Regresar al teclado y que, una hora más tarde o quizá dos, suene el timbre del portero automático y correr a contestar y que sea “el cartero malo” (igual que en, las películas, hay un poli bueno y un poli malo, en la vida real siempre hay un cartero bueno y un cartero malo, entendiéndose esto como un cartero amable y otro gruñón) y se queje cuando le abro: “¡Oiga, llevo media hora llamando a los timbres!”, y explicarle que no es culpa mía, que casi todos los timbres del edificio funcionan cuando les da la gana. Volver a encajar mi cabeza, con esfuerzo y cansancio, en lo que estuviera escribiendo y que, a media mañana, suene otra vez el timbre de la puerta de casa y, al abrir, encuentre a tres tipos con traje que me aseguren que, si contrato los servicios de la compañía a la que representan, me saldrán más baratos la conexión y el teléfono fijo, y decirles que lo siento, pero estoy trabajando y no tengo tiempo, de verdad, y además no me interesa, mire, que estoy bien servido, y que les dé lo mismo y me abrasen con su cháchara. Y luego, durante la comida, ver unos minutos de telediario en los que me cuenten cómo va el planeta, en este país (crispación) y en el resto del mundo (sangre), y, sabiendo que nada ha cambiado y que el planeta va directo a la catástrofe, o sigue instalado en ella, cambiar rápido de canal para ver “Los Simpson”, aunque sean repetidos. Salir a la calle a hacer un recado y sortear las baldosas repletas de bostas y orines, que siempre están ahí, entorpeciendo nuestros pasos, por mucho que hayamos recibido una carta de Ana Botella diciendo que cumplirán el programa de “Actuaciones Programadas de Limpieza Integral”, y sospechar que, además, la carta no la haya escrito ella, sino su secretaria o algún chupatintas o algún lameculos.
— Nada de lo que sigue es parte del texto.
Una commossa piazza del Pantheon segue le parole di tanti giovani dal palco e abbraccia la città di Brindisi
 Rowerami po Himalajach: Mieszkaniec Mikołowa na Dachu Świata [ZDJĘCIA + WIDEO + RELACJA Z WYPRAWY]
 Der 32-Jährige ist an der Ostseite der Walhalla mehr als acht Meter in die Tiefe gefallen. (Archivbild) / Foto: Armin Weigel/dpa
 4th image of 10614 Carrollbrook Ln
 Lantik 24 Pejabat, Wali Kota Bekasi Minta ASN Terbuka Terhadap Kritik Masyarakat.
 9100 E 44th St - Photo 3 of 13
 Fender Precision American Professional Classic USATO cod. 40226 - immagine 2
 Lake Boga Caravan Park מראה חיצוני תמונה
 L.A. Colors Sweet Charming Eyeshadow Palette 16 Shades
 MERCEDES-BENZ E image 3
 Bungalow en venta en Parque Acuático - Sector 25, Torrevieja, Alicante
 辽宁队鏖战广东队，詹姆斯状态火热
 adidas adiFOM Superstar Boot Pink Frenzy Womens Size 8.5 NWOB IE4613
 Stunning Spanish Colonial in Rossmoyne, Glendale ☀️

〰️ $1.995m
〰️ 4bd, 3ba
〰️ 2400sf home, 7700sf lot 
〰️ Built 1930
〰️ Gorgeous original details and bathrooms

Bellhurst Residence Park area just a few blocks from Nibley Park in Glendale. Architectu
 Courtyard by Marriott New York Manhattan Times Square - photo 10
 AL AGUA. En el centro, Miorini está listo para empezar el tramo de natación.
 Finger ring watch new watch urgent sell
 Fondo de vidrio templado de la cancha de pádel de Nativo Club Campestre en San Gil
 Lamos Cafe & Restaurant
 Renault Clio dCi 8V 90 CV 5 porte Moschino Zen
Entrar en el supermercado y que, sea la hora del día que sea, me toque hacer una cola de diez minutos como mínimo. Entrar en una librería y que me pise los talones el vigilante. Entrar en un bar de la zona a tomar una clara y que les sirvan una tapa gratuita a todos los parroquianos de alrededor, los que están apoyados en la barra, a ambos lados de nosotros, y los que están en las mesas, y a nosotros nos dejen a dos velas (un amigo mío le dijo el otro día al camarero que le puso tapa a todas las personas de la barra menos a él: “Oye, ¿qué pasa, es que soy negro?”). Comprar algo y que me cobren más de la cuenta, y advertirlo ya en casa, cuando es tarde. Y tener la sensación de estar, a diario, “Atrapado en el tiempo”, en el Día de la Marmota.